→ **Your assignment**: Records follow. Print exactly the lines from the one that has "Crushed Candy Cane 5 Wick Hearth" through the one that has "Floral-Print Linen Napkins (Set Of 2)", inclusive, and omit the pictures.

→ **Data for this exercise**:
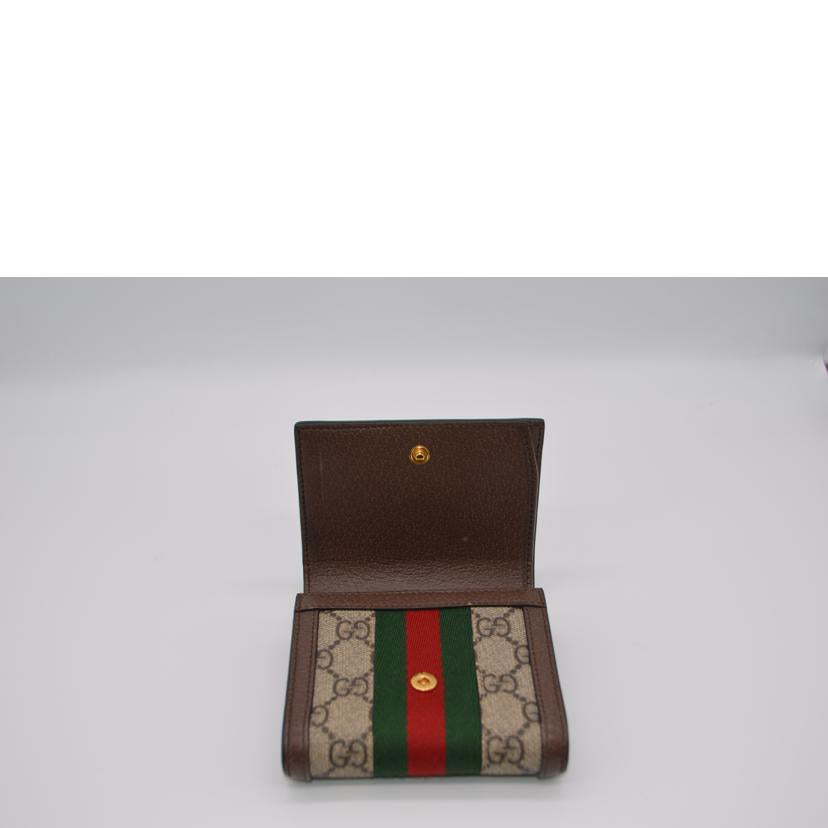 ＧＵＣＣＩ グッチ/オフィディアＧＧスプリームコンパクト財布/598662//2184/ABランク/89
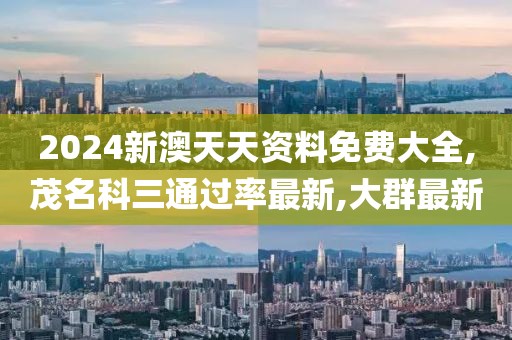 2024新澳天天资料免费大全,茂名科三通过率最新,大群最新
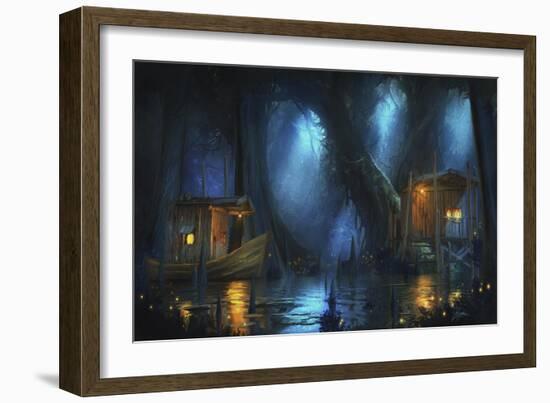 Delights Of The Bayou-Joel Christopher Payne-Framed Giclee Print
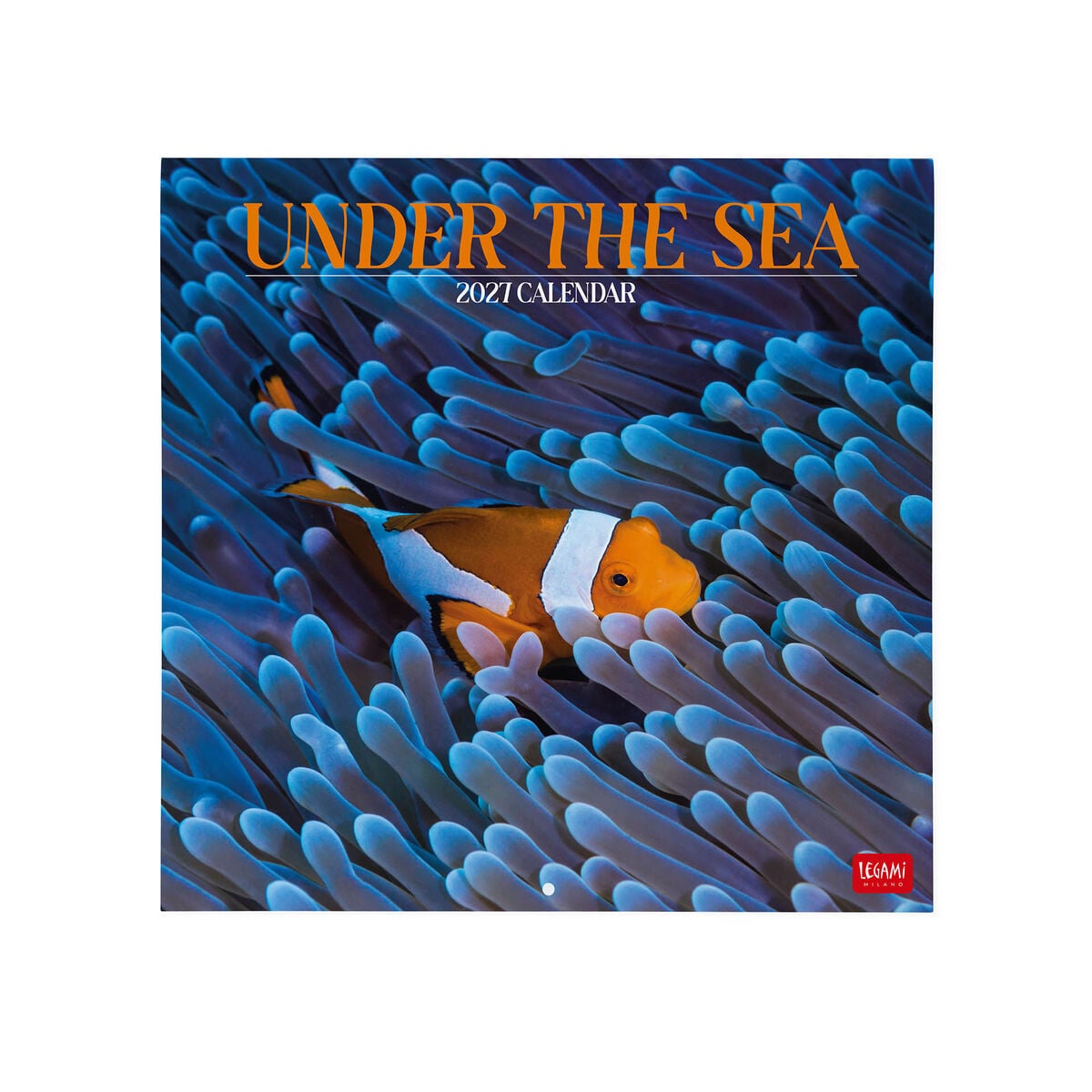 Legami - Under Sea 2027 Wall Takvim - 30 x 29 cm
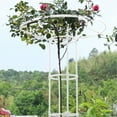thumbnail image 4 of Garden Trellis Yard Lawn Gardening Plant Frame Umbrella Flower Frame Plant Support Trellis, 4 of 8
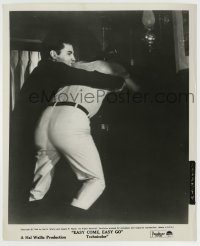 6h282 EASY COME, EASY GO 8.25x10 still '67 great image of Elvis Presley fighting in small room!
---
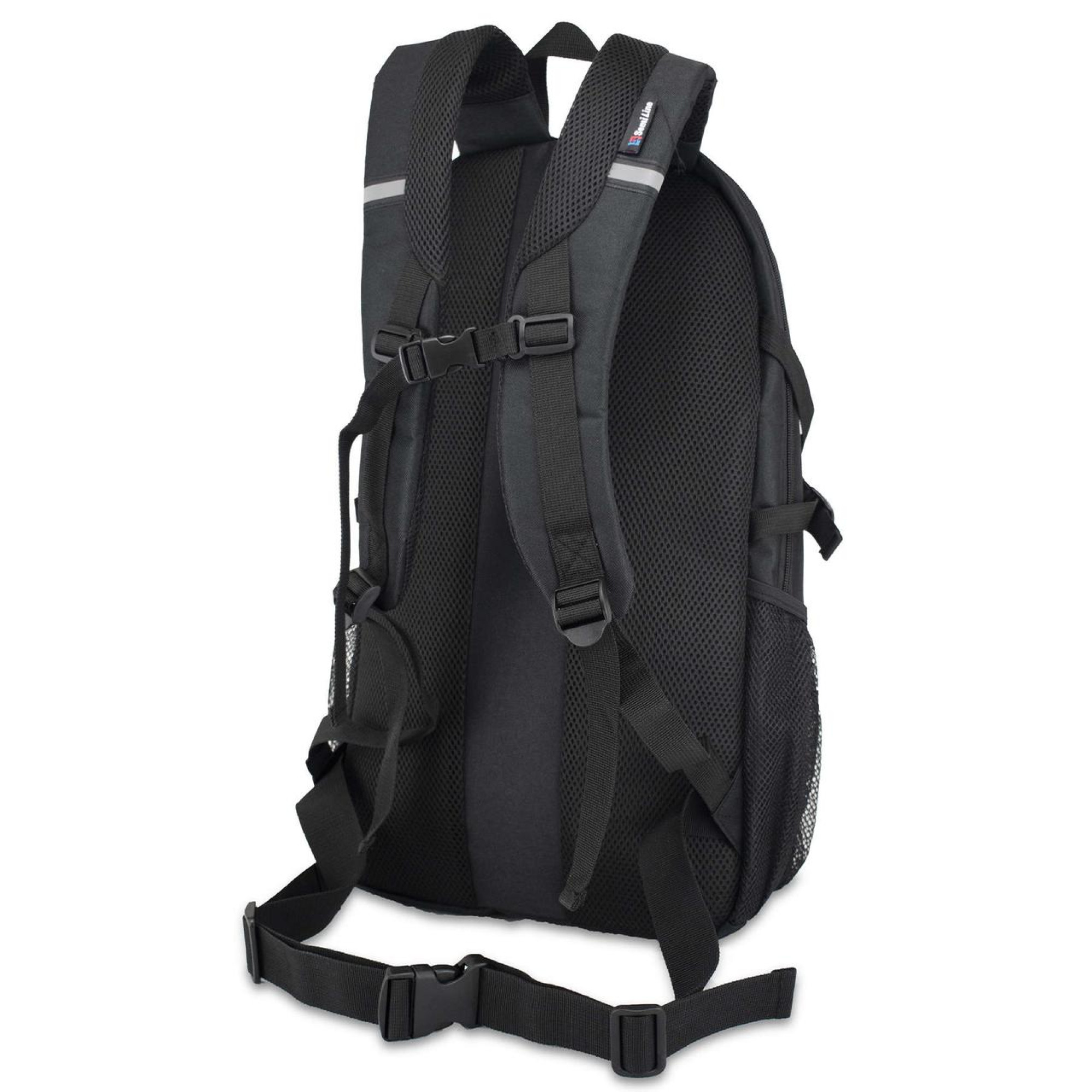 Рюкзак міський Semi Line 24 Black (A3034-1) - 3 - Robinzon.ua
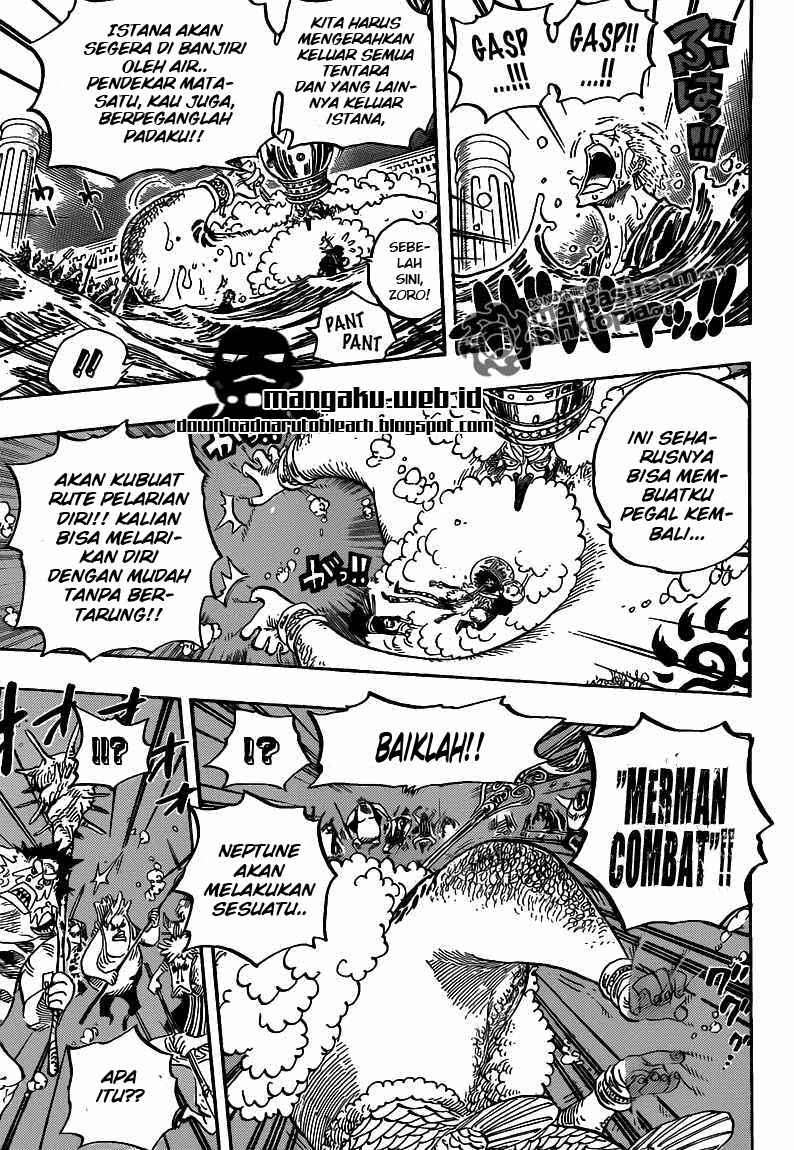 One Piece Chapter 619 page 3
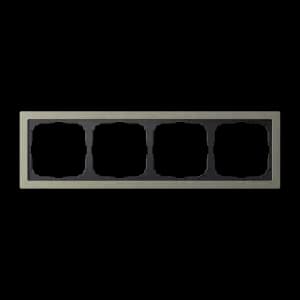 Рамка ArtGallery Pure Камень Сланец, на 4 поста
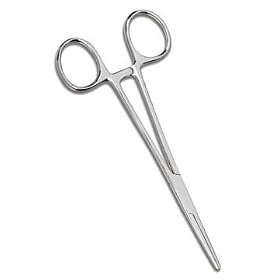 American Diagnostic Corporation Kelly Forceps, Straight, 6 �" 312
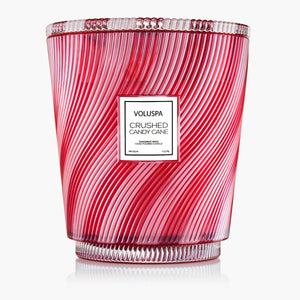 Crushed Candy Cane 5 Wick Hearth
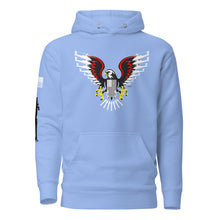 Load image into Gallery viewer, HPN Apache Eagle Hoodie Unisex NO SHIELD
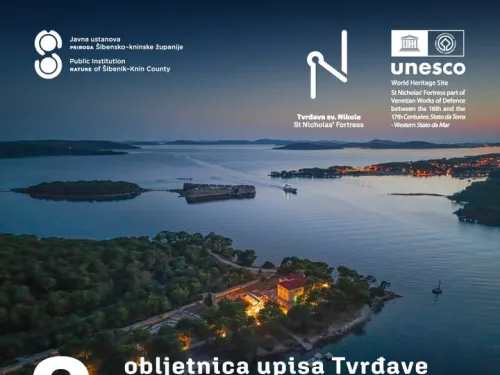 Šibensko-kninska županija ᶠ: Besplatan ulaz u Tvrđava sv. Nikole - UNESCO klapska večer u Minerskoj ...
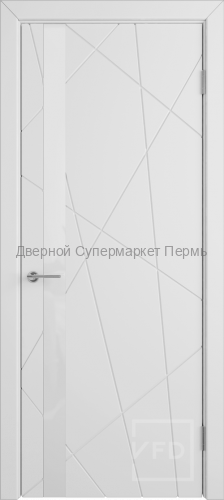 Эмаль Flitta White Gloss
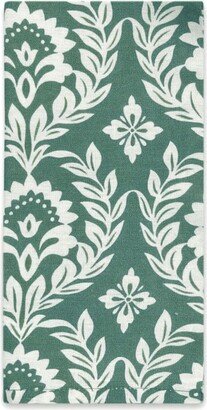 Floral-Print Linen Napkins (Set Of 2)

→ **Solution**:
 Crushed Candy Cane 5 Wick Hearth
 Load image into Gallery viewer, HPN Apache Eagle Hoodie Unisex NO SHIELD
 Šibensko-kninska županija ᶠ: Besplatan ulaz u Tvrđava sv. Nikole - UNESCO klapska večer u Minerskoj ...
 Эмаль Flitta White Gloss
 Floral-Print Linen Napkins (Set Of 2)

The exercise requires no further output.